▶ _Task goal_: Repeat only what runs from the line with "302359 600 Jordan" through the last line of the data below, both included, keeping every word as it is and leaving out the pictures.

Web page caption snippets
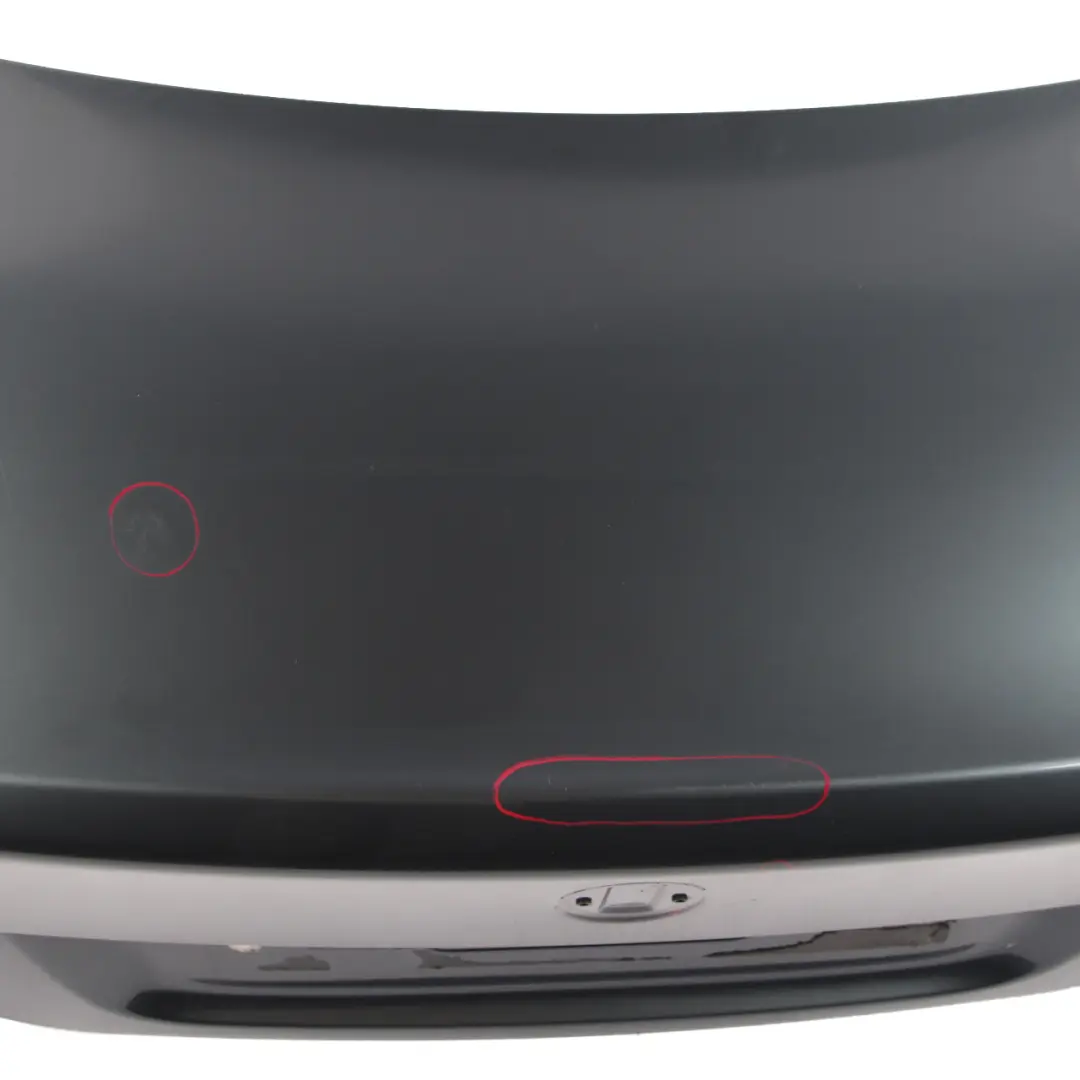 BMW E60 LCI Boot Trunk Lid Tailgate Platingrau Platinum Grey Metallic - A68 - SKU 7168761-PG - Part number 7168761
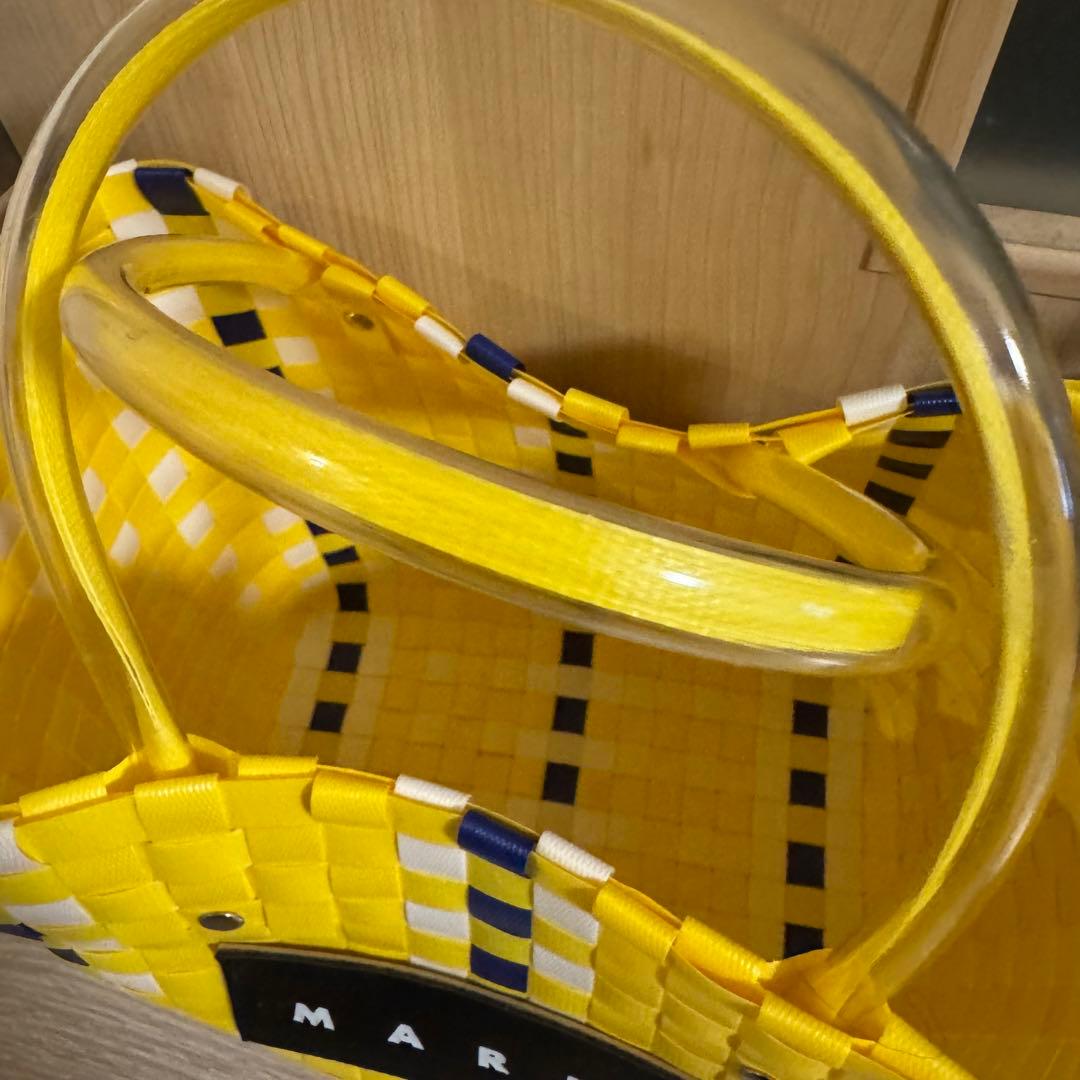 最終値下げ MARNI かごバッグ 2点セット - メルカリ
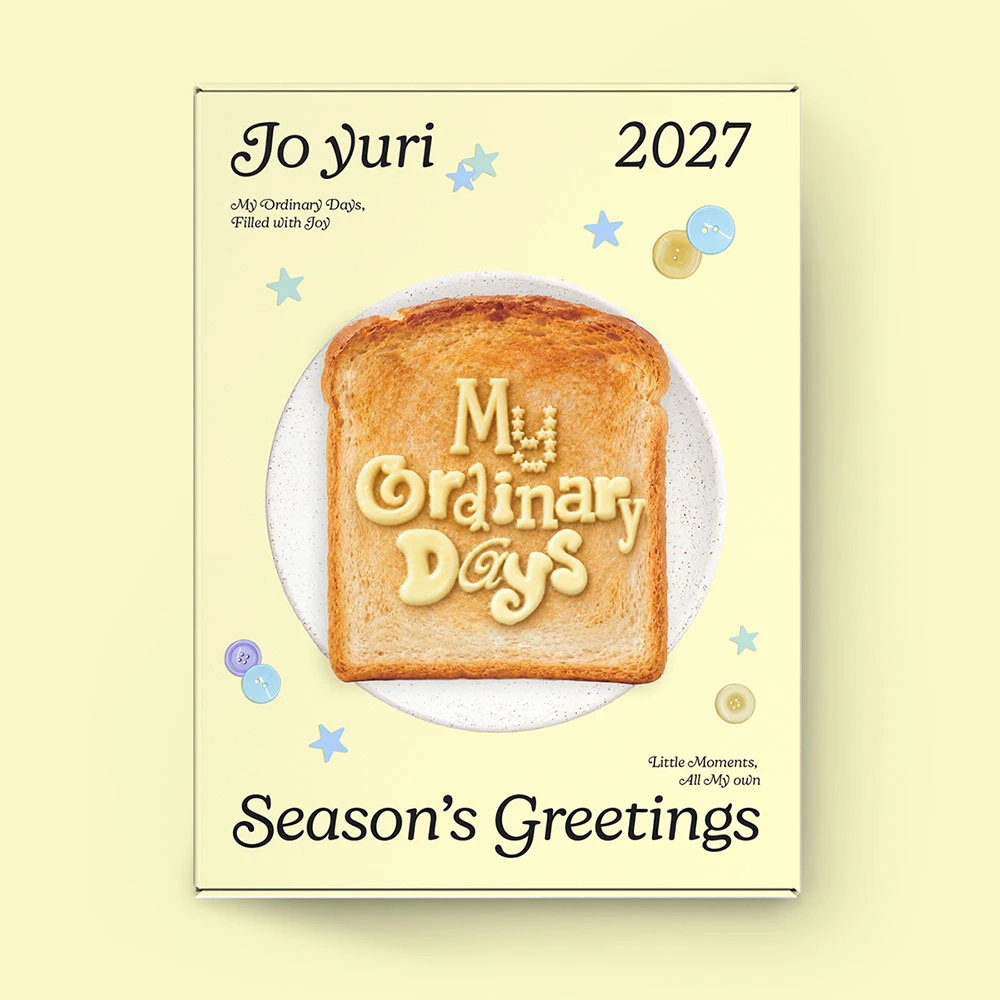 JO YURI - 2027 SEASON'S GREETINGS [MY ORDINARY DAYS]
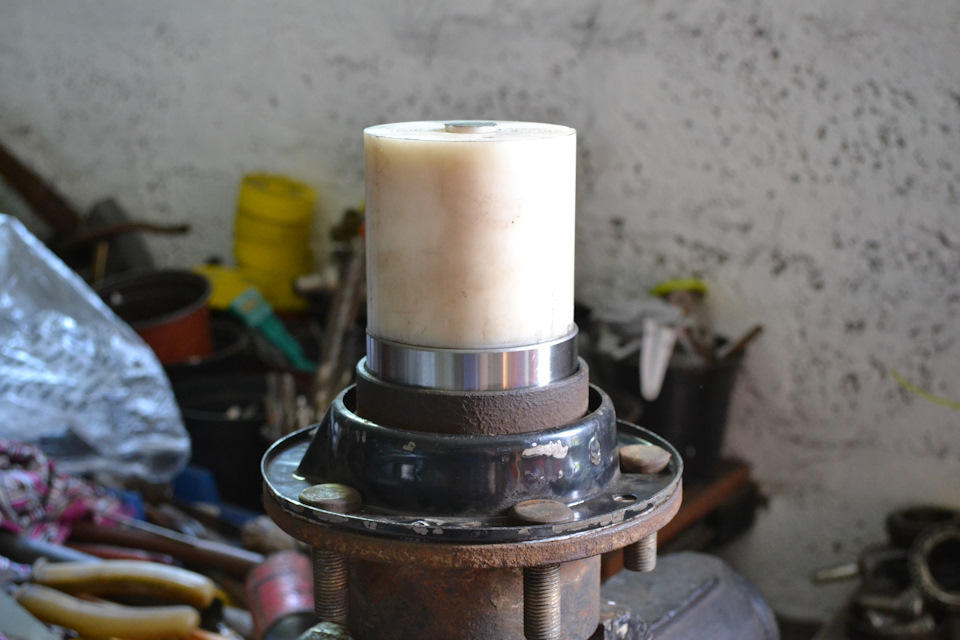Как заменить задний ступичный подшипник на УАЗ Хлеб?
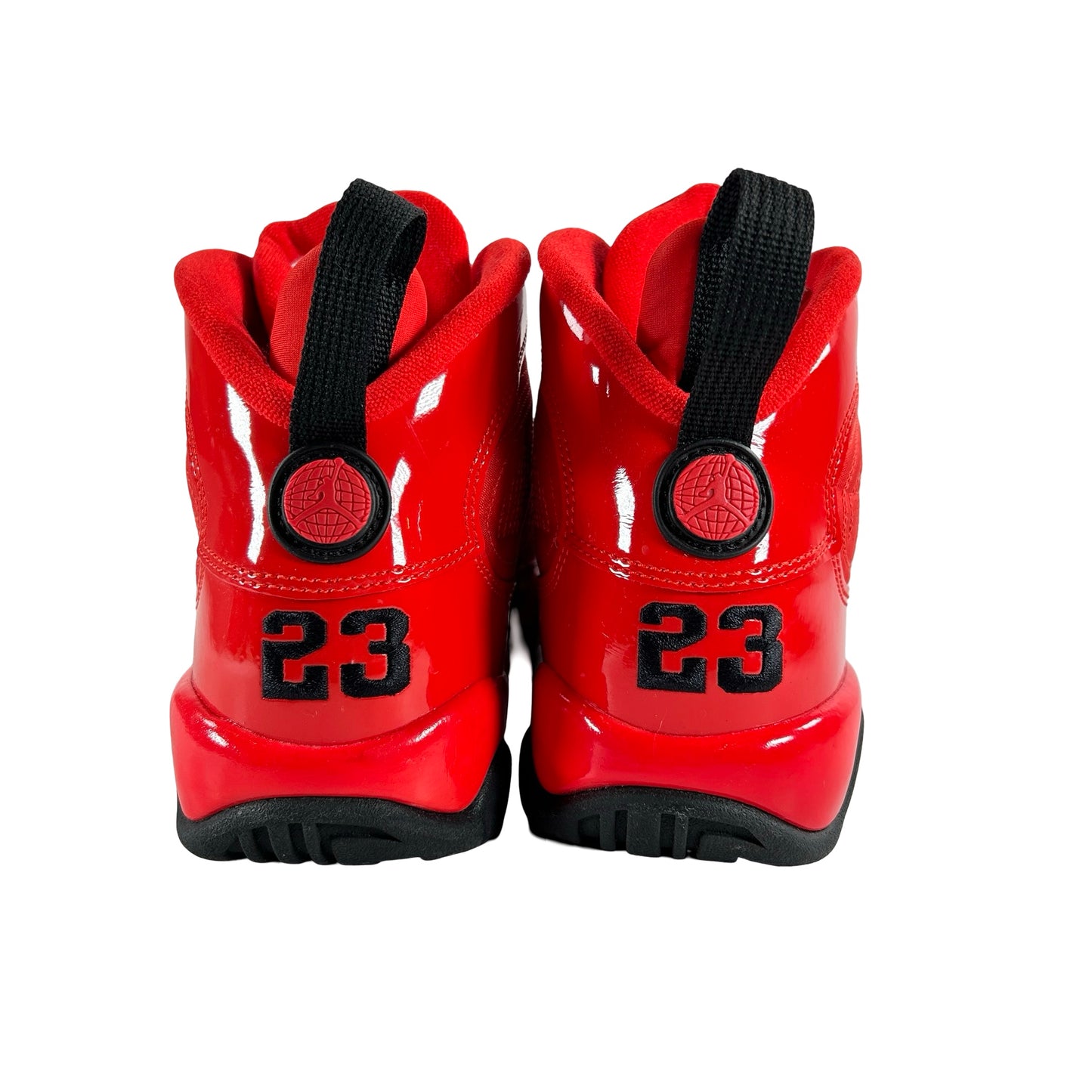 302359 600 Jordan 9 Retro Chile Red (GS) [USED] - 5 Y (Used)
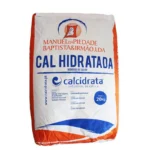 CAL HIDRATADA SUPER VENTILADA 20KG - CALCIDRATA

▶ _Answer space_:
 302359 600 Jordan 9 Retro Chile Red (GS) [USED] - 5 Y (Used)
 CAL HIDRATADA SUPER VENTILADA 20KG - CALCIDRATA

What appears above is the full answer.